Désopilante adaptation en plastiline du célèbre conte de Charles Perrault, Le Loup gris et le Petit Chaperon rouge est une comédie musicale, qui file la métaphore du terme, cher alors à Gorbatchev, de la « Maison européenne » : sur le chemin qui mène ce chaperon rouge et ce loup gris new look à Paris sont convoqués tous les vieux « démons » du dessin animé. Des trois petits cochons aux sept nains, en passant par quelques figures archétypales du cinéma d’animation soviétique… Qui est donc ce vieux loup gris famélique qui finit emprisonné alors que les personnages réunis du cartoon américain et soviétique s’unissent pour chanter des lendemains libres?
La Boxe ne se contente pas de retransmettre avec la « naïveté » attribuée usuellement à la plastiline un quelconque combat de boxe. Dans ce scénario en forme de pantalonnade, Garri Bardine introduit un principe de contraste et de « détournement » de situations archétypales.

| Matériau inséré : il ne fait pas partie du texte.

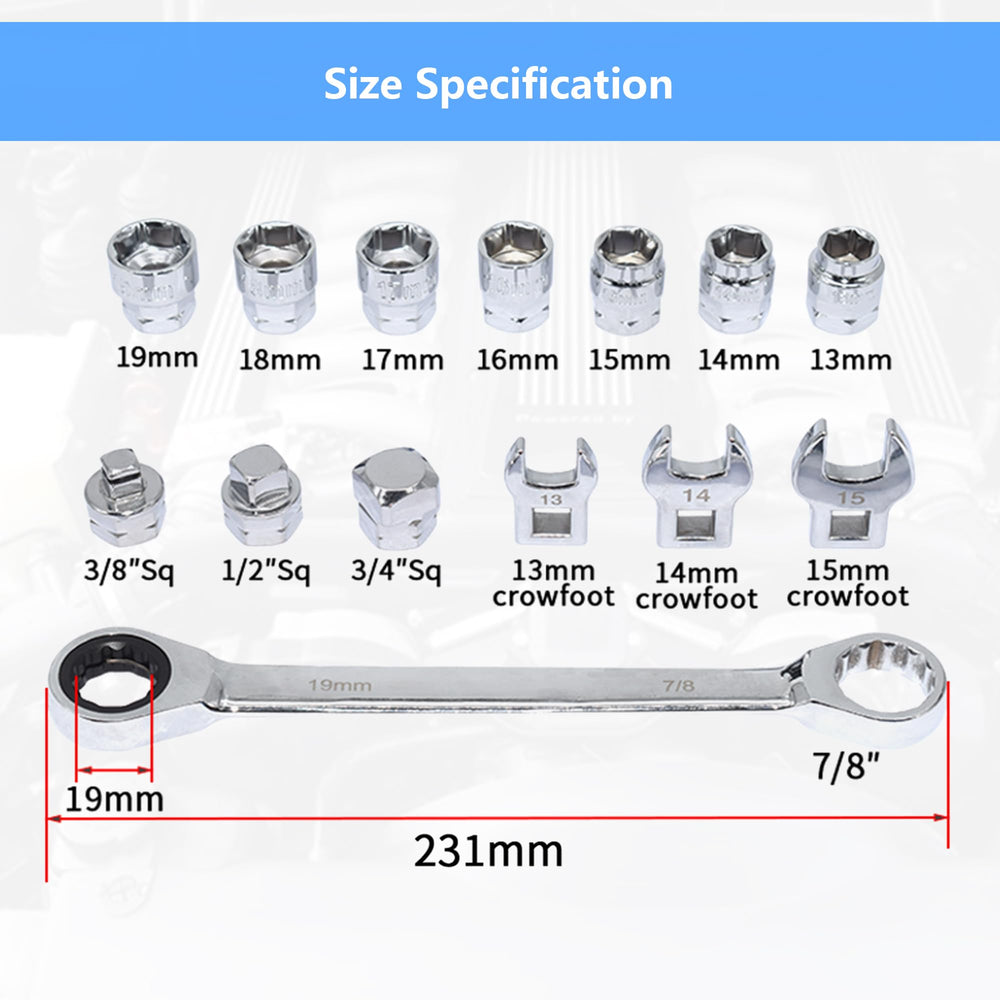 19mm ratcheting wrench included in Yuesstloo kit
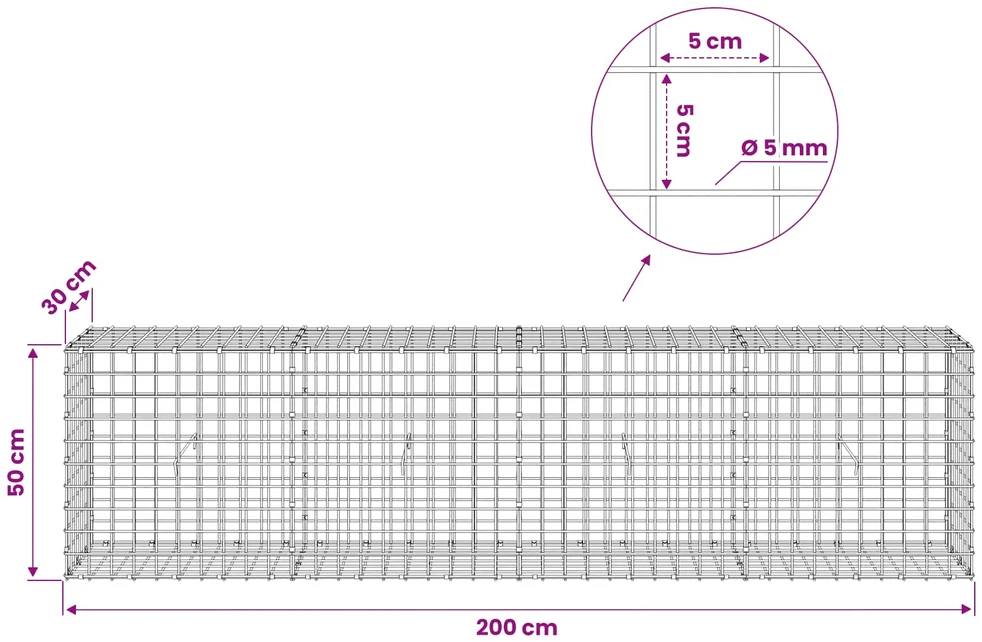 Gabionas su 5 mm viela ir 5x5 cm tinkleliu 200x30x50 cm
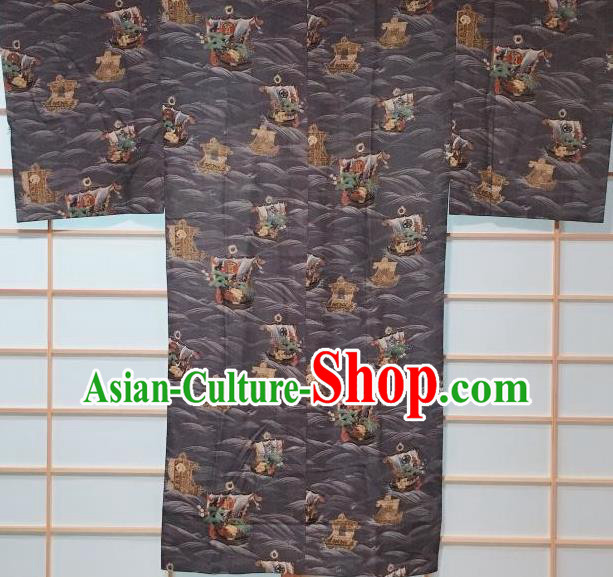 Traditional Japanese Wave Boat Pattern Grey Hanten Kimono Japan Yukata Costume for Men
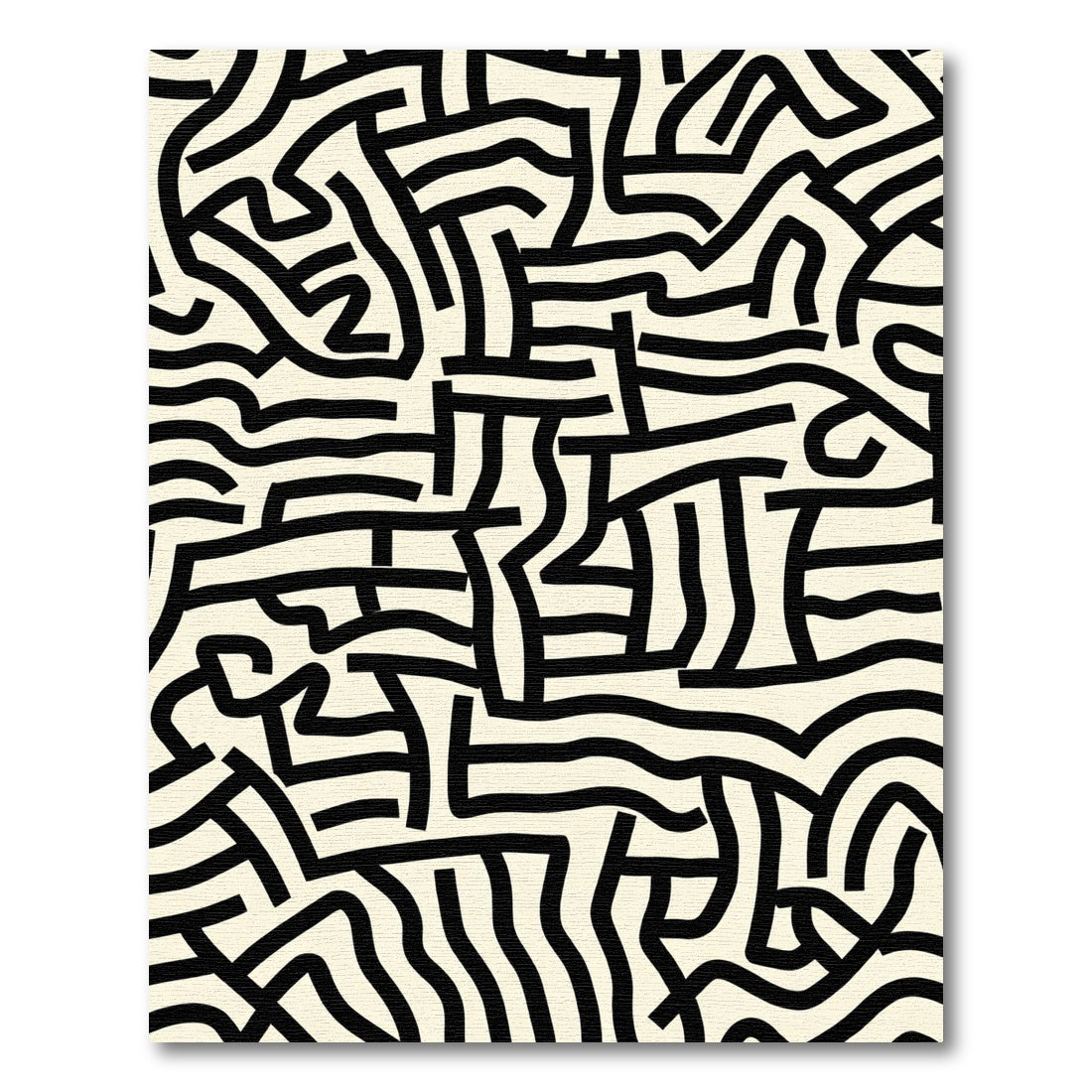 Black Cream Abstract Labyrinth Lines Rug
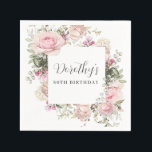 Servilleta De Papel Rustic Pink Floral 80th Birthday Party Personaliza<br><div class="desc">Las rosas rosas blandas de color rosa y las brotes de color rosa brillante crean un marco floral rústico y bonito. Hidrenajes blancos en la flor floral. El nombre de la mujer de cumpleaños está escrito en una letra de guión grande. Sigue el 80 aniversario. Esta servilleta de cumpleaños forma...</div>
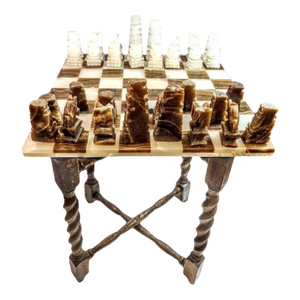 1980s Rare and Distinct Handcrafted Onyx and Marble Chess Set on Jacobean Style Wooden Frame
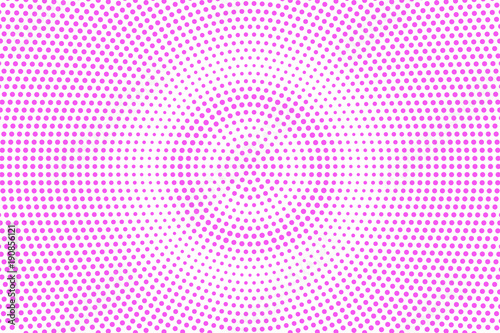 Pink on white dotted halftone. Half tone vector background. Centered dotted gradient.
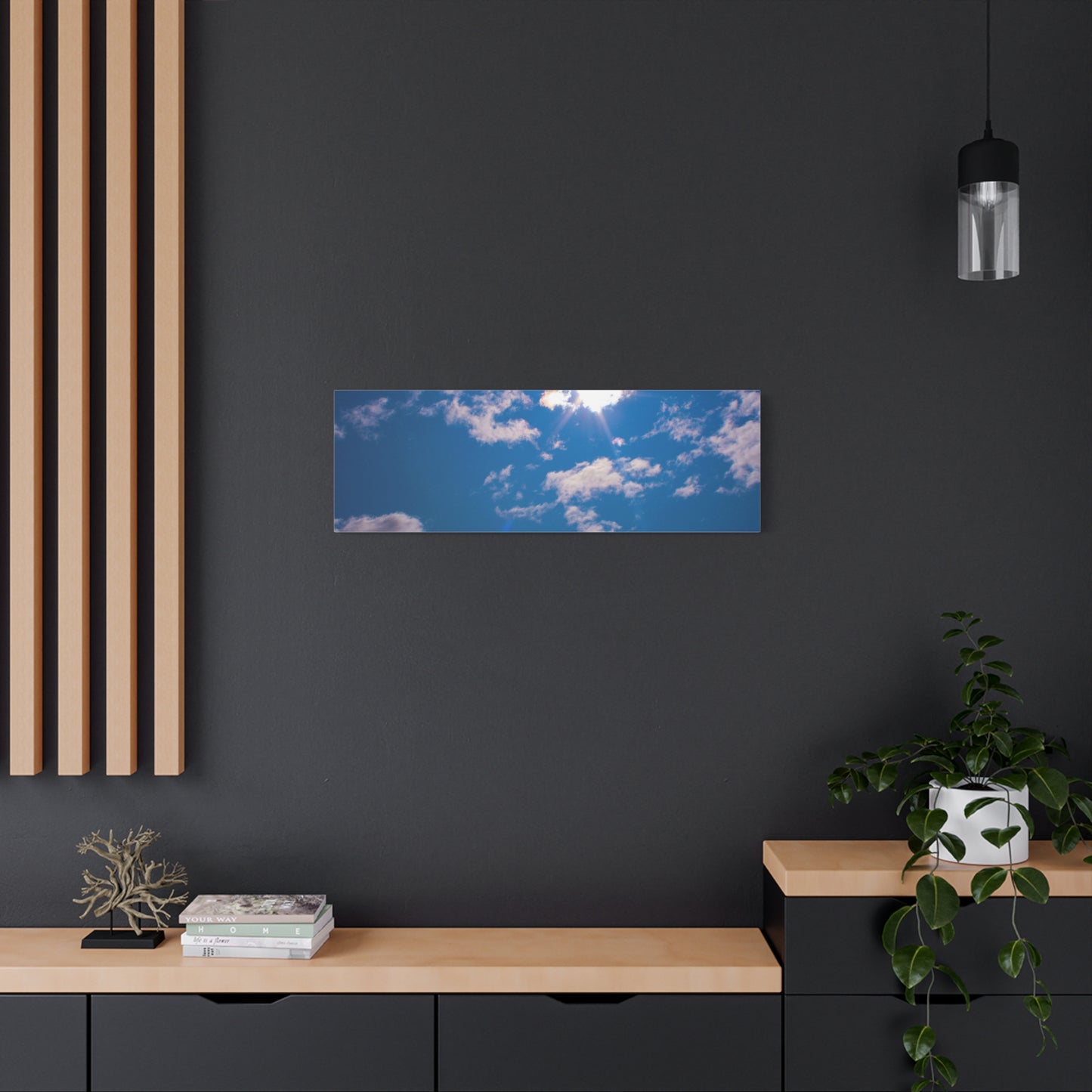 Canvas Wall Art - Blue Sky and Shining Clouds Picture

Le film caricature ainsi, sans avoir l’air d’y toucher, le sport-spectacle, les médias, les fanatiques, les rapports d’oppression entraîneurs-entraînés…
Distribution
Dans Le Loup gris et le Petit Chaperon rouge, toute la séquence de première rencontre entre les deux protagonistes est conçue entièrement au seul service d’une chorégraphie de plastiline. Le sujet du conte devient un prétexte à démonstration.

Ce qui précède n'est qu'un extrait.